Blixt draws his tonal inspiration from the adventure novels of Rafael Sabatini (Scaramouche, Captain Blood) and the comic Bing Crosby/Bob Hope “road movies” (Road to Morocco, Road to Bali) from the 1940s, but his plot and characters are grounded in historical research from, among others, Stephen Greenblatt’s Will in the World, Robert Hutchinson’s Elizabeth’s Spy Master, and Park Honan’s Christopher Marlowe: Poet & Spy. Blixt admitted in my interview with him on the Reduced Shakespeare Company Podcast that the notion of Shakespeare becoming a spy is “a ridiculous premise,” so because of that, he wanted to “make all the facts…conform” to the story he created. It’s that blend of truth and imagination that makes the story so entertainingly plausible.

The romance of Will’s London adventures is presented in stark contrast to his Stratford family’s increasing penury, his forced marriage to Anne Hathaway, and the fall from grace of his father John Shakespeare, all of which is portrayed persuasively and drawn from the facts as we know them. In his author’s postscript, Blixt offers the notion that “in literature, we see a great deal of kings and lords, queens and ladies, but seldom do we see Tudor culture from, shall we say, street level,” which is why his novel is populated by “real rogues in Shakespeare’s London” with names like Huffing Kate, Black Davie, and Cutting Ball. In Blixt’s hands, these people come alive, not only as allies but, along with real-life working-class wordwrights Robert Greene, and Thomases Watson, Lodge, and Kyd, artistic inspiration.

Blixt protests (too much, methinks) that his book is “entirely silly,” but if it is, it’s the best kind: silliness played straight, grounded in factual backup, played in deadly earnest, with the gaps in the story filled in plausibly and movingly. And while echoes of Shakespeare’s later plays pop up from time to time — such as Will disguising himself as a mad beggar named “poor Tom,” straight out of King Lear — they’re not presented as punchlines, but as part of the rich texture that lends verisimilitude to the world Blixt is creating.

Comments

Thank you so much for letting us know about this book. I look forward to reading it!
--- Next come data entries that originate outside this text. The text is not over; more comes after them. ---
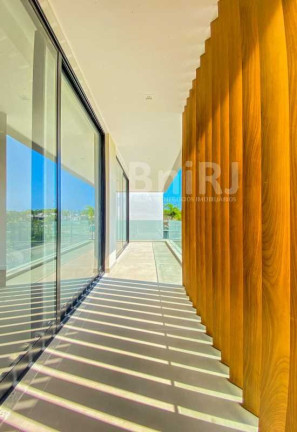 Imagem Casa com 5 Quartos à Venda, 600 m² em Barra Da Tijuca - Rio De Janeiro Imagem Casa com 5 Quartos à Venda, 600 m² em Barra Da Tijuca - Rio De Janeiro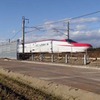 奥羽本線神宮寺～峰吉川間で工事が進む防雪柵。線路内の吹きだまりを防ぐ。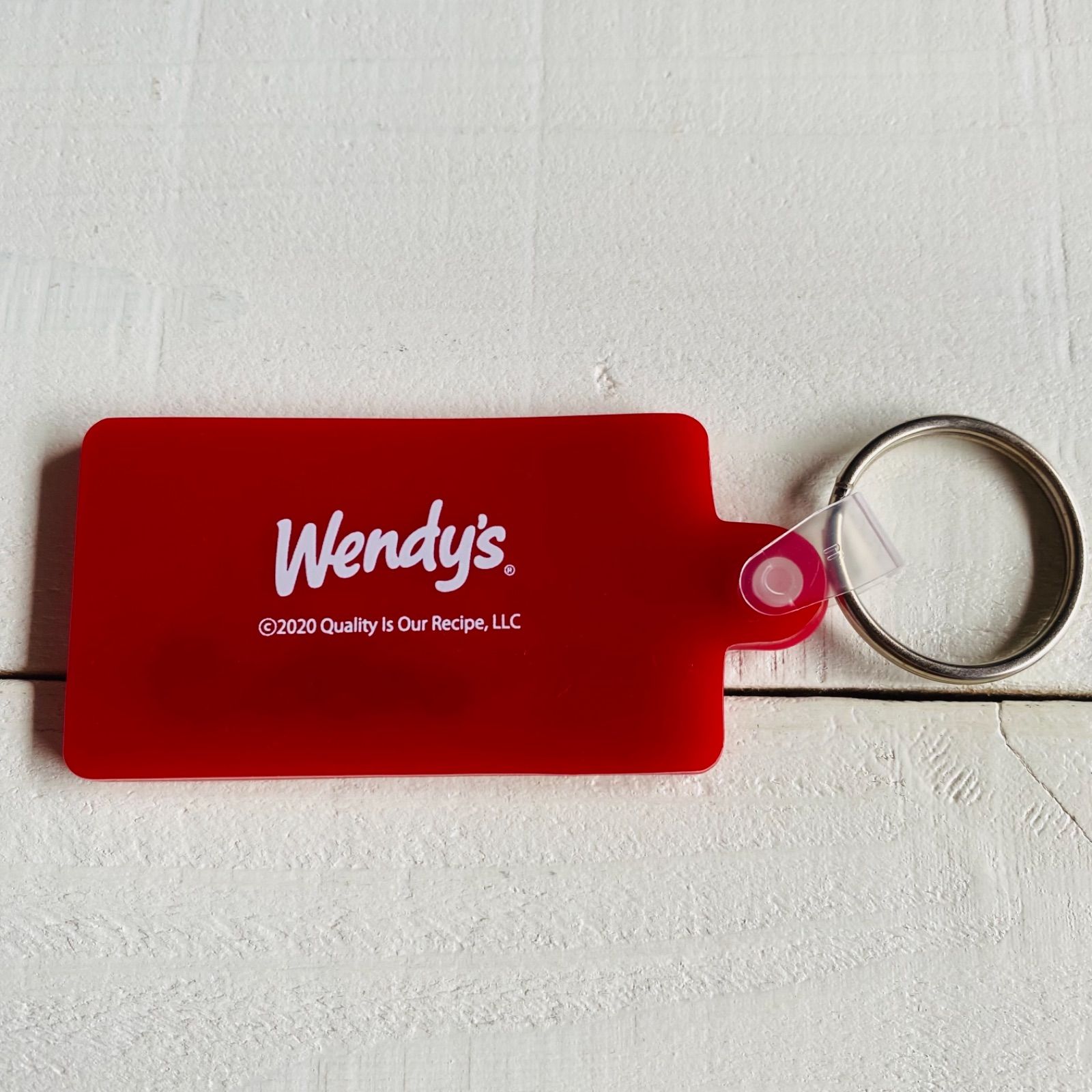 99710 WENDY'S ラバーキーホルダー OLD LOGO RED - メルカリ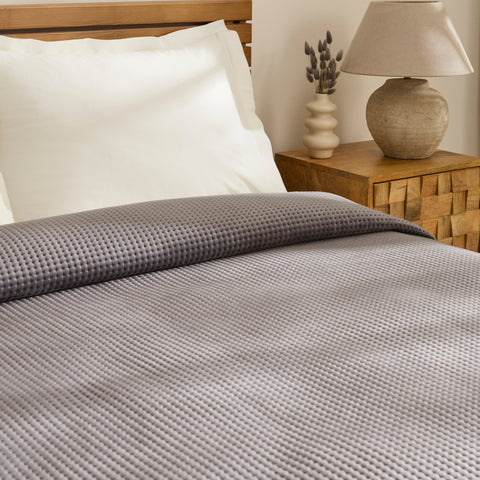 Karaca Chloe Tagesdecke, Doppelbett, Anthrazit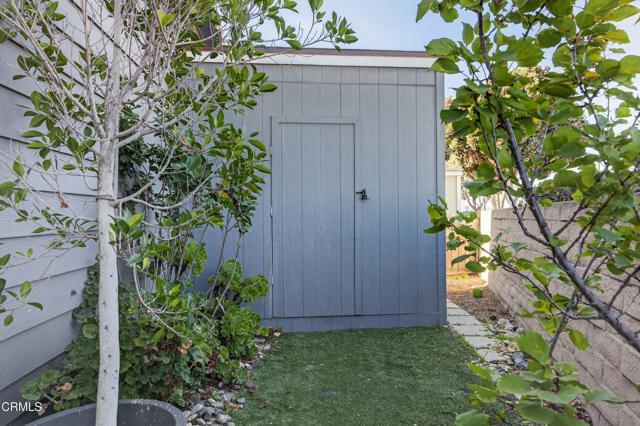 5540 W 5TH Street, Oxnard CA: https://media.crmls.org/mediaz/12bb21b5-4622-4fe1-92fd-0a58072bd3db.jpg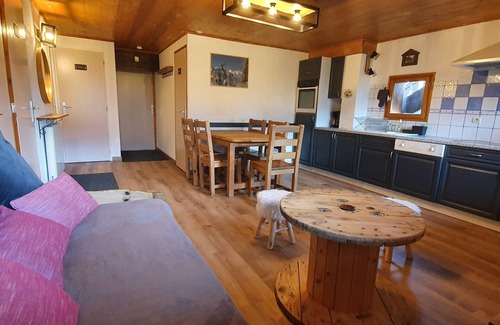 La Lechere Ski Chalet | Exclusive Ski-in, Ski-out Access with Pool and Spa
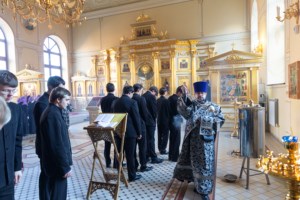Литургия Преждеосвященных Даров на Архиерейском подворье — в храме во имя святого апостола и евангелиста Иоанна Богослова при СПДС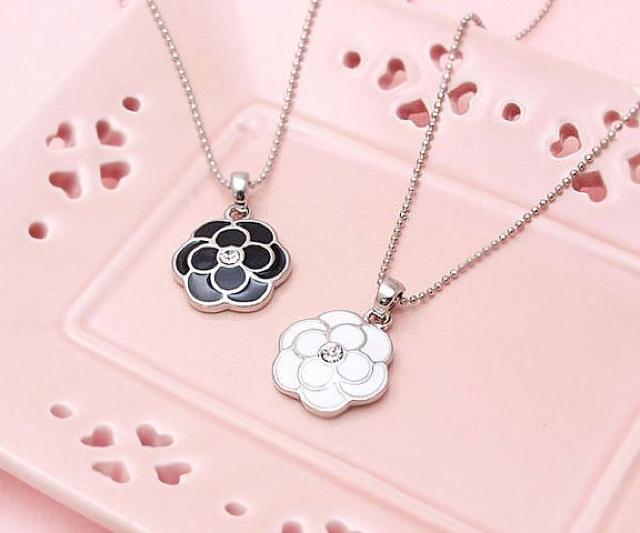 人気★フラワーモチーフネックレス薔薇・ローズ・SL-1287WHT < 女性アクセサリー/時計  人気★フラワーモチーフネックレス薔薇・ローズ・SL-1287WHT < 女性アクセサリー/時計の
Jacqueline West — June 24, 2022

Enjoy!

Austin Tichenor — July 5, 2022

I love historical fiction, regardless of how loose the “historical” plot is A book about Shakespeare and his world proved irresistible. I bought the book instead of waiting for my library to buy it.

Sahra Cohen — July 6, 2022

Yes, sounds like fun, but it seems to have limited availability in libraries — and the 2nd hand market.